The population is predominantly Buddhist and the city has temples. These include: Wat Luang, which was built in 1935 and is the largest temple in Pakse, and the Chinese temple Wat Sopsé.

==Infrastructure==

===Health===
There are 2 hospitals in the city.

===Transportation===
Pakse International Airport construction was completed on 2 November 2009.

== Climate ==

Pakse has a tropical savanna climate (Köppen climate classification Aw). Temperatures are higher in the months before the monsoon season (March–April).
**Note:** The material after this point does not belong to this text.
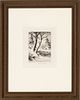 PENCIL SIGNED PRINTS BY R.C. GORMAN AND ASA CHEFFETZ. The estate lot of four pencil signed works Image - 14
There is a wet season (April–October) and dry season (November–March).

Climate data for Pakse (1991–2020)
| Month | Jan | Feb | Mar | Apr | May | Jun | Jul | Aug | Sep | Oct | Nov | Dec | Year |
| Record high °C (°F) | 37.0 (98.6) | 38.8 (101.8) | 39.5 (103.1) | 41.4 (106.5) | 41.3 (106.3) | 38.3 (100.9) | 35.9 (96.6) | 35.0 (95.0) | 36.0 (96.8) | 36.7 (98.1) | 36.7 (98.1) | 36.6 (97.9) | 41.4 (106.5) |
| Mean daily maximum °C (°F) | 32.2 (90.0) | 33.7 (92.7) | 35.2 (95.4) | 35.8 (96.4) | 33.8 (92.8) | 32.0 (89.6) | 31.0 (87.8) | 30.8 (87.4) | 31.1 (88.0) | 31.8 (89.2) | 31.9 (89.4) | 31.3 (88.3) | 32.6 (90.6) |
| Daily mean °C (°F) | 26.0 (78.8) | 27.8 (82.0) | 29.8 (85.6) | 30.6 (87.1) | 29.5 (85.1) | 28.4 (83.1) | 27.7 (81.9) | 27.5 (81.5) | 27.5 (81.5) | 27.4 (81.3) | 26.8 (80.2) | 25.6 (78.1) | 27.9 (82.2) |
| Mean daily minimum °C (°F) | 19.2 (66.6) | 21.3 (70.3) | 24.3 (75.7) | 25.8 (78.4) | 25.5 (77.9) | 25.1 (77.2) | 24.6 (76.3) | 24.5 (76.1) | 24.2 (75.6) | 23.2 (73.8) | 21.5 (70.7) | 19.5 (67.1) | 23.2 (73.8) |
| Record low °C (°F) | 7.8 (46.0) | 10.8 (51.4) | 10.1 (50.2) | 16.2 (61.2) | 20.3 (68.5) | 21.5 (70.7) | 21.4 (70.5) | 21.5 (70.7) | 19.8 (67.6) | 16.7 (62.1) | 12.4 (54.3) | 8.9 (48.0) | 7.8 (46.0) |
| Average precipitation mm (inches) | 4.4 (0.17) | 8.0 (0.31) | 24.9 (0.98) | 60.3 (2.37) | 203.4 (8.01) | 290.7 (11.44) | 422.4 (16.63) | 444.2 (17.49) | 367.2 (14.46) | 114.8 (4.52) | 24.0 (0.94) | 5.5 (0.22) | 1,969.9 (77.56) |
| Average precipitation days (≥ 1.0 mm) | 1 | 1 | 3 | 6 | 16 | 20 | 23 | 24 | 20 | 11 | 4 | 1 | 129 |
| Average relative humidity (%) | 62 | 60 | 59 | 65 | 75 | 82 | 83 | 85 | 84 | 79 | 72 | 67 | 72.8 |
| Mean monthly sunshine hours | 258.6 | 232.2 | 235.3 | 227.2 | 201.7 | 149.7 | 133.0 | 127.4 | 138.3 | 198.7 | 227.8 | 248.3 | 2,378.1 |
Source 1: World Meteorological Organization
Source 2: NOAA (humidity 1961–1990 and extremes), The Yearbook of Indochina (1932–1933, 1936–1937)

==Tourism==
Visitors to Pakse's Champasak Province grew from 113,684 in 2006 to 493,180 in 2013.